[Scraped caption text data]
=== Begin Enclosure ===

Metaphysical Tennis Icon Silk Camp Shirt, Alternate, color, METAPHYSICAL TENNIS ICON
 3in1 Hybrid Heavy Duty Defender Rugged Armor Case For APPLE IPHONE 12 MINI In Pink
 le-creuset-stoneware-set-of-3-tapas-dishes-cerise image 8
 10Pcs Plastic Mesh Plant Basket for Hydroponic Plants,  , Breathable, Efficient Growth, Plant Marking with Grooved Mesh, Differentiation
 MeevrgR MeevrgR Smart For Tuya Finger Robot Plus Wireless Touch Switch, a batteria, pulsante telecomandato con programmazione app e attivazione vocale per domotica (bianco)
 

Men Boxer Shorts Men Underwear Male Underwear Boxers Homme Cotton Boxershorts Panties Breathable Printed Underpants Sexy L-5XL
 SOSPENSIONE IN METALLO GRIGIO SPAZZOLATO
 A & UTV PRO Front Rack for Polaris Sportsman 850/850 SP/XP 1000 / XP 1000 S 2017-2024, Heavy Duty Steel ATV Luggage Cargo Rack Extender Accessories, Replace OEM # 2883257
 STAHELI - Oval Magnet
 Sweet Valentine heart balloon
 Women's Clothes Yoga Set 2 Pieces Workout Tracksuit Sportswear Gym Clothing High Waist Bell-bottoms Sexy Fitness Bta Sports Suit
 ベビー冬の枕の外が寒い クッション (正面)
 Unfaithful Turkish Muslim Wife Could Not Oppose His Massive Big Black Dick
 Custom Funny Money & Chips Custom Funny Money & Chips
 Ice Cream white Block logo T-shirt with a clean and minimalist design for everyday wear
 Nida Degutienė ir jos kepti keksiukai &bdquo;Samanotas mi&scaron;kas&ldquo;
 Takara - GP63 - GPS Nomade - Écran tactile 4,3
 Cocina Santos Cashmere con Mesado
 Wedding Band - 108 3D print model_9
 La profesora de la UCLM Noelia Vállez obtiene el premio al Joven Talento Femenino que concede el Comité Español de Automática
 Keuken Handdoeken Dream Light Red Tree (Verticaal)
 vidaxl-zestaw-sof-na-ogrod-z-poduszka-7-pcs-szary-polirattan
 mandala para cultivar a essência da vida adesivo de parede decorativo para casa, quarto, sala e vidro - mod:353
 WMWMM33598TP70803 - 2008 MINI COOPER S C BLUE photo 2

=== End Enclosure ===

Only these are to be transcribed: the line with "Takara - GP63" and every line after it through the last line of the entries, each exactly.

[RESPONSE BOX]
 Takara - GP63 - GPS Nomade - Écran tactile 4,3
 Cocina Santos Cashmere con Mesado
 Wedding Band - 108 3D print model_9
 La profesora de la UCLM Noelia Vállez obtiene el premio al Joven Talento Femenino que concede el Comité Español de Automática
 Keuken Handdoeken Dream Light Red Tree (Verticaal)
 vidaxl-zestaw-sof-na-ogrod-z-poduszka-7-pcs-szary-polirattan
 mandala para cultivar a essência da vida adesivo de parede decorativo para casa, quarto, sala e vidro - mod:353
 WMWMM33598TP70803 - 2008 MINI COOPER S C BLUE photo 2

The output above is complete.